Anche per questo, nel gennaio 2018, la prematura e pressoché inspiegabile morte dell’appena 46enne Dolores ha colpito come un fulmine a ciel sereno legioni di fan in tutto il mondo, sferrando un fendente micidiale a una scena musicale già duramente provata dai decessi ravvicinati di molte rockstar e performer di alto livello. Ben consapevoli di come una simile perdita fosse insanabile, a oltre un anno da allora i tre membri superstiti della formazione hanno così deciso di dare alle stampe il loro «canto del cigno» – con il quale dire addio al pubblico prima di sciogliere definitivamente una band che, di fatto, non potrebbe mai abbassarsi a propinare ai propri estimatori una qualsiasi sostituta di Dolores. Fortunatamente, l’album stesso (non a caso intitolato In The End) segue il medesimo spirito critico, ed evita accuratamente qualsiasi ambizione a «vuotare i cassetti» a beneficio dei fan – affidandosi piuttosto alla rielaborazione dei vari demo realizzati dal gruppo tra il 2017 e 2018, in previsione di un nuovo lavoro che la dipartita della O’Riordan avrebbe infine lasciato incompiuto.
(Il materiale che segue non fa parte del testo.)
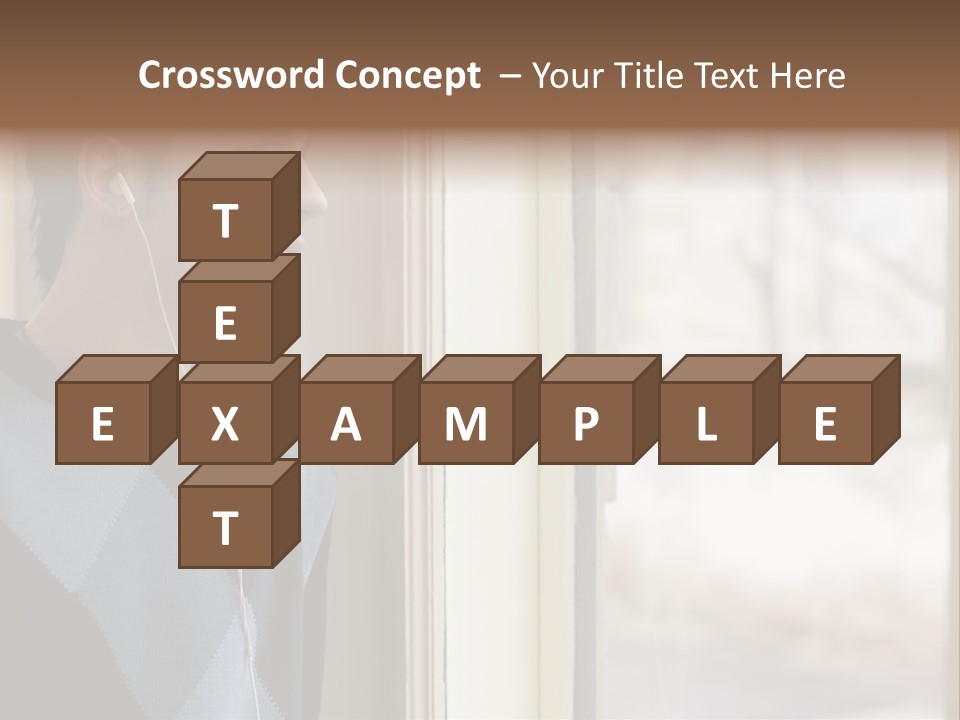 Looking Print Blue PowerPoint Template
Come prevedibile, In the End mostra quindi un carattere inevitabilmente dolente e nostalgico, evidente fin dal singolo apripista All Over Now, che combina il tipico sound a cui il gruppo ci ha abituati a sonorità inequivocabilmente anni ’80, non troppo distanti dalle sfumature dark di band quali Joy Division e Cure; sonorità il cui influsso è, del resto, altrettanto evidente nella maggior parte delle tracce del CD (si vedano Wake Me When It’s Over e il riflessivo A Place I Know).

Certo, proprio come avvenuto con gli ultimi lavori dei Cranberries, anche quest’album risulta a tratti un po’ risaputo dal punto di vista musicale, e lontano dall’audacia dei primi anni; eppure, qua e là si riscontrano ancora momenti di grande intensità emotiva, come nella dolce ballata Illusion – in cui la voce sognante di Dolores vibra della medesima sensualità degli anni d’oro – e lo straziante Catch Me If You Can, perfetto esempio della rinnovata capacità del gruppo di fondere, nell’arco del medesimo brano, suggestioni quasi hard rock con un cantato inaspettatamente aggraziato e introspettivo. Allo stesso modo, la title track In the End, brano conclusivo del CD, colpisce per il suo carattere delicato e quasi cantautorale, e per la semplicità straziante di liriche piene di rimpianto, che ne fanno il pezzo forse migliore dell’intero disco: «non è forse strano scoprire, alla fine, come tutto ciò che si sognava non sia affatto quel che si sognava?».

Così, sebbene In The End non possa forse definirsi come uno sforzo particolarmente originale o ricercato da parte della band, l’onestà e la sincerità che pervadono ognuna delle sue tracce sono sufficienti a farne un addio ideale per una formazione tanto amata dal grande pubblico – un commiato toccante e, soprattutto, privo di alcun autocompiacimento o presunzione; in linea, dopotutto, con le predilezioni e la cifra artistica mostrate da Dolores O’Riordan lungo gli oltre vent’anni di una carriera contraddistinta da una passione e dedizione pressoché assolute verso la propria arte.